Rock bottom, Returning to Louisville and the Comeback
The years that followed after 1964 were not good at all. Dad’s alcoholism worsened dramatically. It began producing personality changes including aggressive ones. My mother became increasingly fearful of him. One time he came home, found the door locked and broke the door down. On another occasion he came home from a trip completely wasted, opened his suitcase and hundreds of cockroaches came scurrying out. He was increasingly seen around the neighborhood in a drunken state. By around 1965, my mother forced him out of the house. He went back and stayed at his mother’s house in Louisville. During that time, somehow, he still managed to do a few recording dates, one with organist Shirley Scott and another with drummer Danny Richmond. The latter was an interesting affair. Jimmy was actually called on to play something resembling rock guitar.
Jimmy did what he could to try to beat alcoholism, but it was just something he couldn’t really lick for more than six months. He would be fine, write nice letters, get some gigs and then end up right where he was before. Attempts were made to reconcile with my mother but it just couldn’t work anymore without the promise of kicking the habit. Back in Louisville, he rekindled his childhood friendship with pianist Ola Miracle, who eventually became his companion. It was through Ola’s management that the concert for the Louisville Jazz Society in 1967 took place. This material would eventually comprise the second side of the Strings and Swings album. The guitar work on this album was arguably some of Jimmy’s finest playing ever captured. Those who were in attendance for the event said that Jimmy’s playing was simply stunning. On board for the date were Charles Mingus, alumnus and tenorman Bobby Jones, the very talented Bobby Lam on piano (who would later take his own life), bassist Jack Brengle and drummer John Roy.
Aside from this one recorded concert, there would be no more recordings or trips back to New York for work for several years. Between the nonexistent music scene, his battle with alcoholism, the loss of his family and living at his mother’s house, life was not turning out great for the once heralded master of jazz guitar. My grandmother did what she could to be a taskmaster and keep him off the bottle, but eventually he would go out on another binge. It was my unfortunate fate to have gotten a heavy dose of this side of my father in my early life. I spent many summers at my grandmother’s house and it was always hit or miss.

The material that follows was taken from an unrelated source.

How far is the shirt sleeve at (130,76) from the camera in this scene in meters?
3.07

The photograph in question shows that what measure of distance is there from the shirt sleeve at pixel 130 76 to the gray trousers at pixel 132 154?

As soon as I finally could give in and trust that my father had gotten past his illness, he would fall back in. He would get into car accidents or get picked up by the police. I recall when the car keys were kept from him, he took to riding a 40-year-old bike to the liquor store, only to fall flat on his face in front of the entire neighborhood of kids. The shame of these things was hard for me to get over for a long time. He would just drink himself into submission and no one or nothing could stop him, save jail. After a particularly bad alcoholic binge, my grandmother forced him out of the house and into a clinic to deal with his severe alcoholism. I visited him at the clinic. At the urging of family and friends he, joined A.A. Although he never truly got with the whole recovery culture of A.A and their methods, it nevertheless seemed to help him to remain sober longer. Unfortunately, Jimmy was doing very little besides whatever local gigs he could manage and occasional teaching up until 1972. Jazz generally had moved off the radar as well. But still, through it all, everyone knew he was still one of the greatest living jazz guitarists. If only he could just get out of this hell he had made for himself.
1972 finally marked Jimmy’s triumphant return to New York at a nightclub called the The Guitar. He played there for a month and was in great shape throughout. Jimmy roomed with fellow guitarists and friends, Howie Collins and Attilla Zoller. Stalwart bassists, Michael Moore and Linc Milliman, were on hand for the gigs and many musicians showed up to witness the Raney magic again. Old cohort, Stan Getz showed up and sat in for a tune but the owner refused to let him play further due to cabaret license laws. While it was not the greatest club to play in, this gig opened the door to other N.Y. clubs and in general, would reignite Jimmy’s career in the 70’s. Ira Gitler’s review of the club and the music is at above left. Gitler’s assessment of the club’s somewhat fan unfriendly policies (drink charges, minimums, etc) would pretty much become commonplace and standard for high profile jazz clubs in New York City.YC.